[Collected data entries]
※ ※ ※
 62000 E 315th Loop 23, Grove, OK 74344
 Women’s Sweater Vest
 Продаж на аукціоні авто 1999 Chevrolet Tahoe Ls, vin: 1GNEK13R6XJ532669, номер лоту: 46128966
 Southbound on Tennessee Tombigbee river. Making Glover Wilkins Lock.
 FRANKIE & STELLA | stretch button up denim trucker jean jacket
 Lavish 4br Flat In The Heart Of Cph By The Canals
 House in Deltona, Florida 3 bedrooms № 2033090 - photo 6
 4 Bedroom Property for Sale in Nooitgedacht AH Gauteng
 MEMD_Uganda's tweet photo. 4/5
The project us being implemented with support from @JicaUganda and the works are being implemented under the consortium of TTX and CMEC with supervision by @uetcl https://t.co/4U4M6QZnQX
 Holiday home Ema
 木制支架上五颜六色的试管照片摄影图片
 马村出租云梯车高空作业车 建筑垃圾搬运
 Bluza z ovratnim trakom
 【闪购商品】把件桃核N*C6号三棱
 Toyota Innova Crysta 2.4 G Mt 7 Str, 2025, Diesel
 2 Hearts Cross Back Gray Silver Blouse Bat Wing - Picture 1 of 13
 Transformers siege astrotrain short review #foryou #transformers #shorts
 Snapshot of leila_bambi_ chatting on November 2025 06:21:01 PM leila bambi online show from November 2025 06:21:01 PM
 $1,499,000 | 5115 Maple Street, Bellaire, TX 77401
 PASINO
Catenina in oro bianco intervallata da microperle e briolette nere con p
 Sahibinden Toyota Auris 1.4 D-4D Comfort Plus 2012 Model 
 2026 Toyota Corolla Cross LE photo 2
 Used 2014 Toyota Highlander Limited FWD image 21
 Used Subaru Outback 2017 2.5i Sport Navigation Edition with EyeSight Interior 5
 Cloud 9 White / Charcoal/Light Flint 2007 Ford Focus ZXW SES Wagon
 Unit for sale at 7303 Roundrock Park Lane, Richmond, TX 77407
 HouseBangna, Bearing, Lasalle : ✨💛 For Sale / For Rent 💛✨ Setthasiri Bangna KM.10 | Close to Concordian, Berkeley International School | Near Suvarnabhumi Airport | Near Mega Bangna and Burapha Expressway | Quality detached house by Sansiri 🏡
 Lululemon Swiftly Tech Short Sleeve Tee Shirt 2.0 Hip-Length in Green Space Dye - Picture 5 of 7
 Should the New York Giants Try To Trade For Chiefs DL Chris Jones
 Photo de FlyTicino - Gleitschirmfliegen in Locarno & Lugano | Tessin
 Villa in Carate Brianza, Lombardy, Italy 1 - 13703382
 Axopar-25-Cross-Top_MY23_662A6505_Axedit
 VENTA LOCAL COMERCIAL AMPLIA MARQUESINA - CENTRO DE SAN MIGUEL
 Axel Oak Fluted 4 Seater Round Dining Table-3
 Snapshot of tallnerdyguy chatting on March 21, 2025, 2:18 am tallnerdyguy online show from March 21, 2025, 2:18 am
※ ※ ※
• [Problem description]:
The lines from the first of the entries through the line holding "Lavish 4br Flat" are to be restated word for word, and no others.

• [Solution below]:
 62000 E 315th Loop 23, Grove, OK 74344
 Women’s Sweater Vest
 Продаж на аукціоні авто 1999 Chevrolet Tahoe Ls, vin: 1GNEK13R6XJ532669, номер лоту: 46128966
 Southbound on Tennessee Tombigbee river. Making Glover Wilkins Lock.
 FRANKIE & STELLA | stretch button up denim trucker jean jacket
 Lavish 4br Flat In The Heart Of Cph By The Canals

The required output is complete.